The bane of the writers existence is research, last night I spent five hours digging around in a variety of links and NATOPS. All for what will probably be two or maybe three paragraphs in the short story.
Having experts that one can reach out to is a great thing. But, there is a downside. They are going to read what you wrote, and will expect you to get it right! 🙂
Of course digging back in NATOPS is even more fun, we used to call it the blue pill, because it will put you to sleep faster than anything else the next issue, is to make sure that what you want to do, is actually possible and make sense with in the story.
Having said that, today’s job will be trying to figure out the hastily scribbled notes, and get that into some kind of coherent thought in the story. Lemme see… 120kts, or was it 105 kts, and 1000 feet, and 1.2 miles… sigh…
Well, research may be a huge unseen endeavor, but it does add a very nice depth in the story. Maybe you can use the info in another story down the line?

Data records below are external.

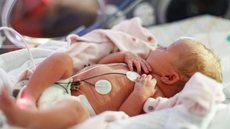 A prematuridade é uma das principais causas de mortalidade neonatal, mas pode ser prevenida com um pré-natal adequado e atenção integral - Imagem: Reprodução | Freepik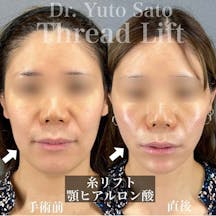 【30代後半女性・たるみ】糸リフト ヒアルロン酸 ボトックス_before_aftar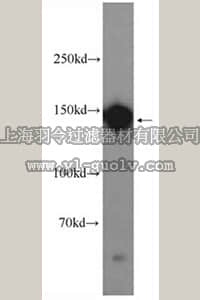 merck millipore,默克密理博,ABT290,Anti-DSG2 Antibody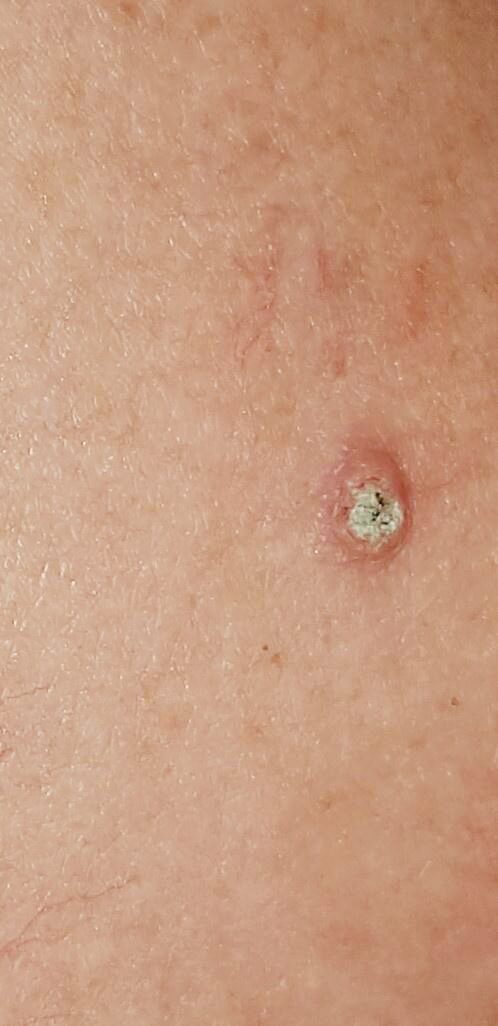 Actinic keratosis on posterior torso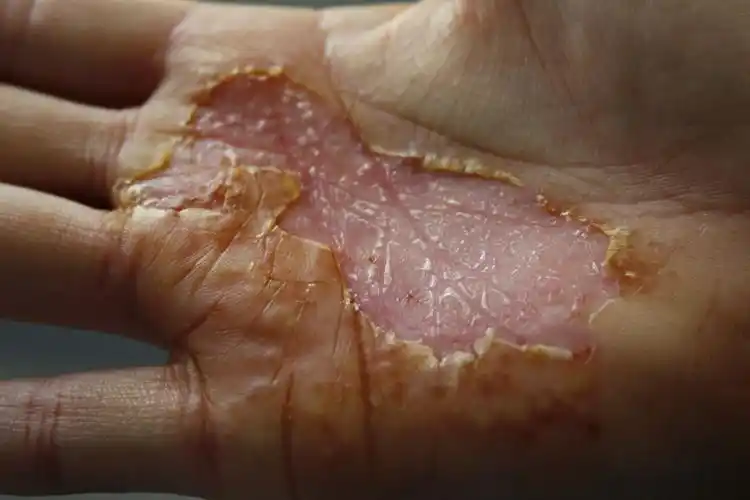 我想确定一下我这是什么病,究竟是掌跖脓包病还是鹅掌风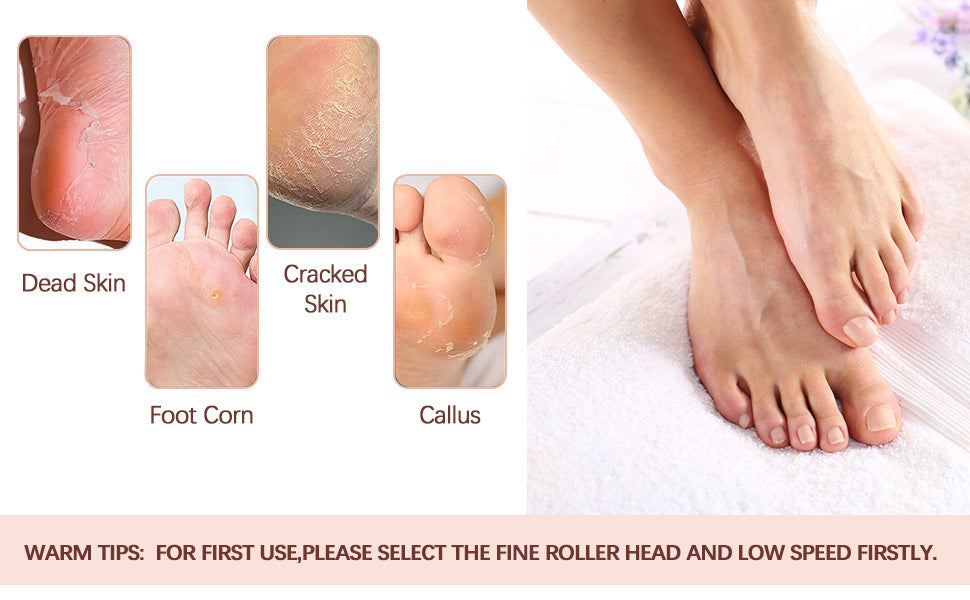 Professional Callus Filer and Foot Scrubber Kit for Silky Smooth Feet -Includes Pedicure Tools for Women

Or you could just say the ship went really, really fast over a very short distance…just doesn’t sound quite right somehow… 🙂
Reminds me of how some of my favorite stories (like “The Martian”, or anything by Neal Stephenson) had the authors writing simulation models to check the feasibility of what they were describing on the page. Good world building or in the case of using the existing world, remaining faithful to reality does wonders towards avoiding breaks in immersion, even if the reader never sees the raw “data dump”. Keep up the good work!

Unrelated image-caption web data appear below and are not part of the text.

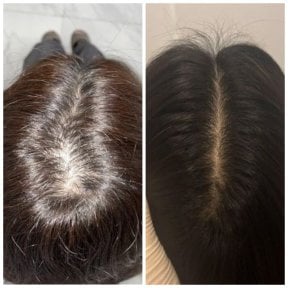 before-after photo fue-hair-transplant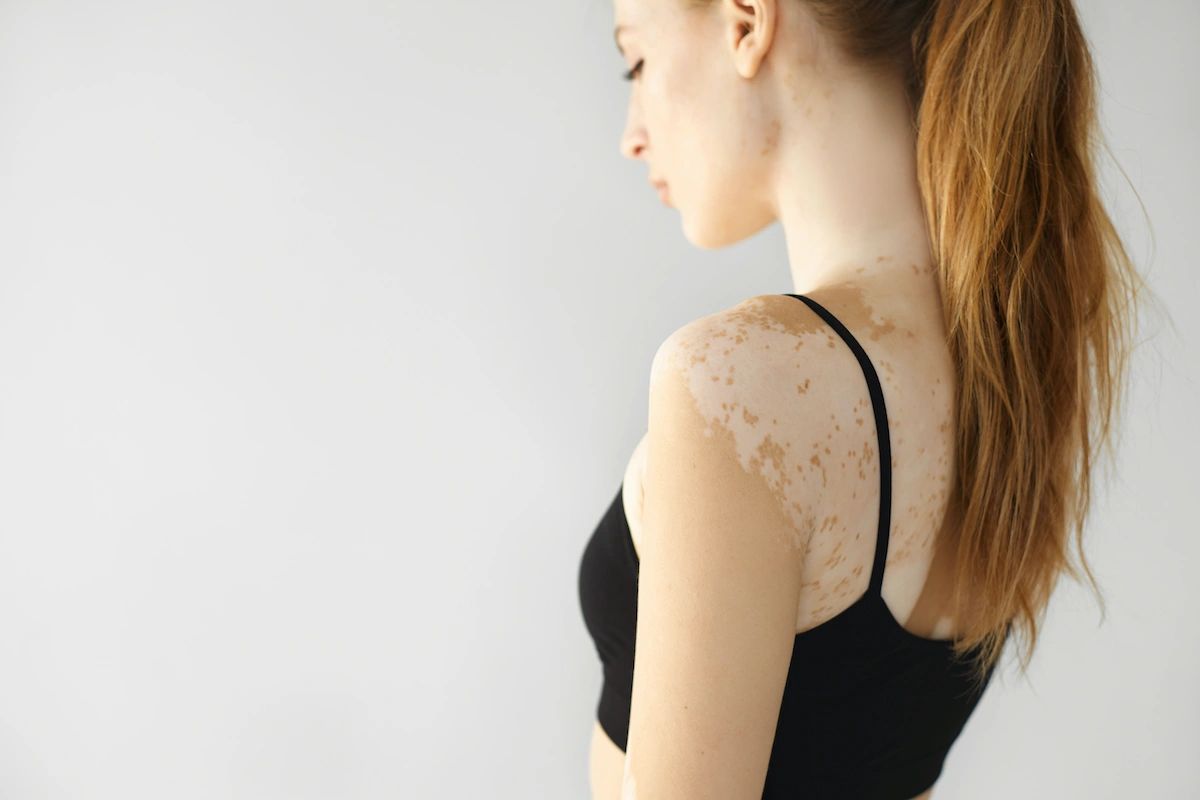 Vitiligo camouflage tattoo Los Angeles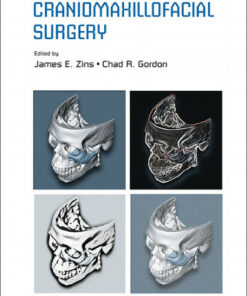 Ebook  Handbook of Craniomaxillofacial Surgery 1st Edition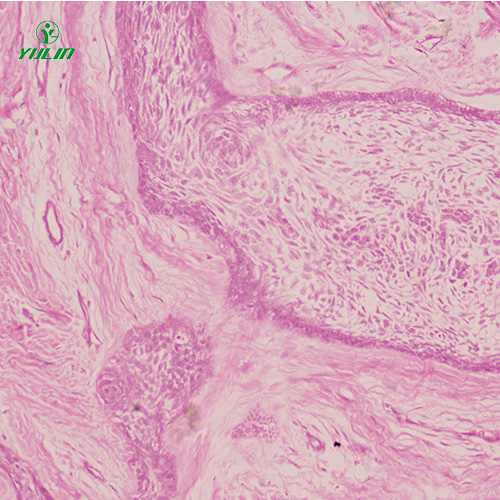 四川人口腔病理标本片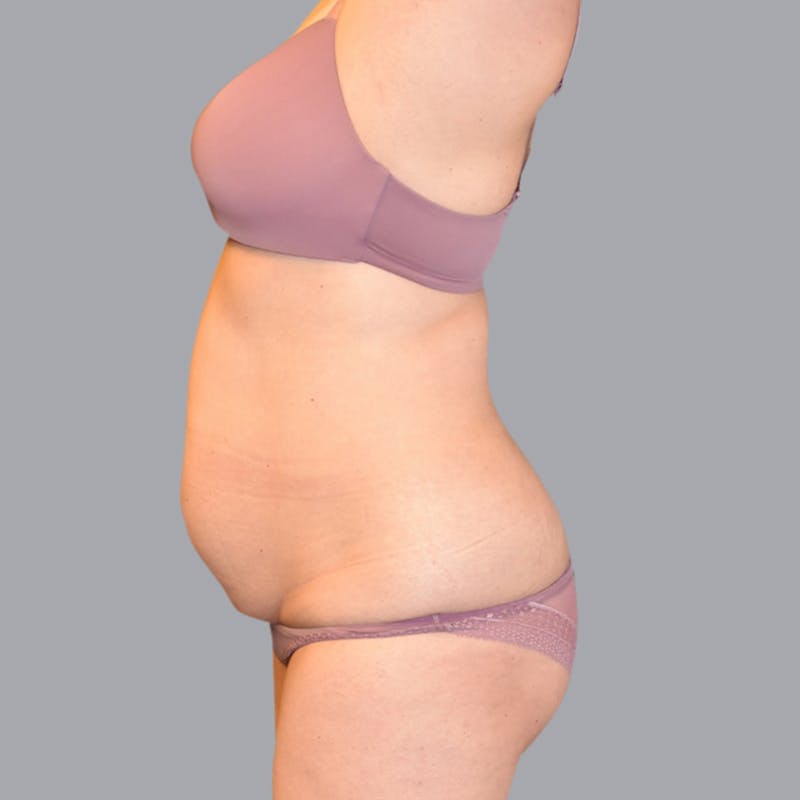 Abdominoplasty Before & After Gallery - Patient 48704255 - Image 5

How about he fell asleep and when he woke up they had arrived? No? Maybe that’s why I did police work rather than made a fortune as a very popular writer!

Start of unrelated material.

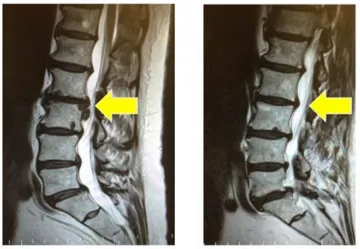 Spinal MRI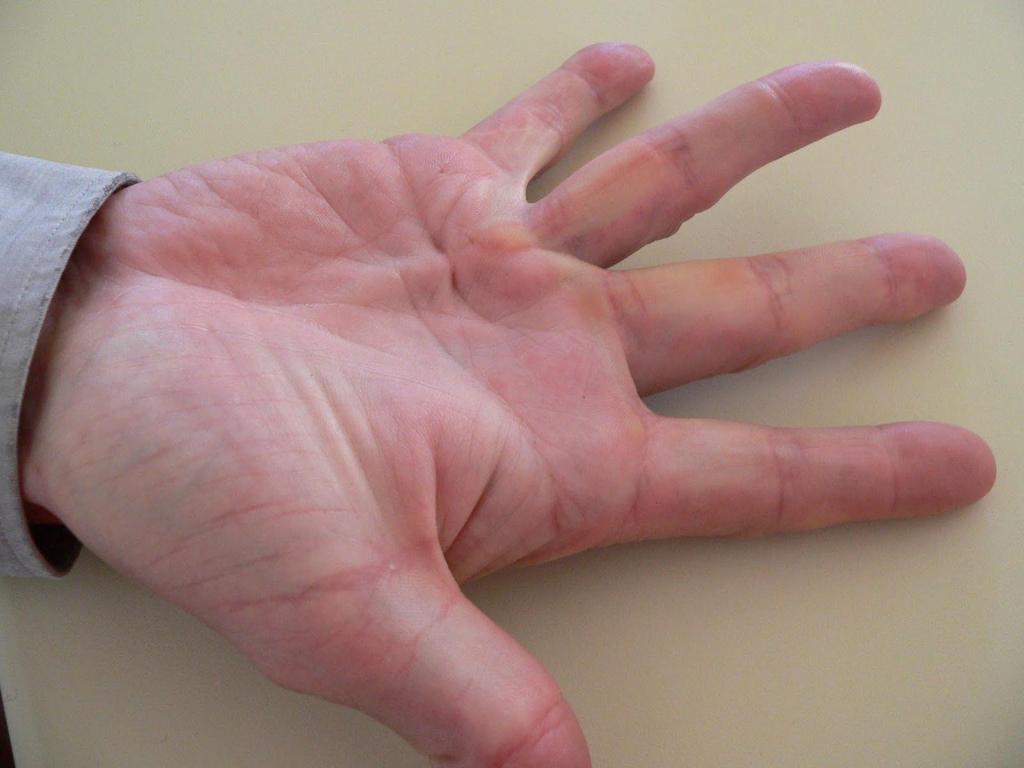 STATUS: Palpabel ärrsträng volart i handflatan och ut på fingret/fingrarna. Passiv och aktiv sträckdefekt i någon av fingrets/fingrarnas leder.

Keep up the good work. Having the work based on good science and exhibiting good accuracy is why I buy every book you write.
Shall or shall not, will or will not, may or may not. Screw it, let’s head to the club.
Maybe that’s why they say “Write what you know” 🙂
Until you hear someone talking about the frustrations of trying not to mention [redacted] or [classified] in their work, and the difficulty of seeing if [classified] is anywhere close to [statute of limitations/non-disclosure] expiration or not. “Oh, there was that one time…nope, sorry. Um, maybe…no, can’t tell that one either. Well shoot.”
And everyone else nodding in sympathy, and me half-expecting some wag in the audience or readership to call out “Oh, you were there too? I remember that one!”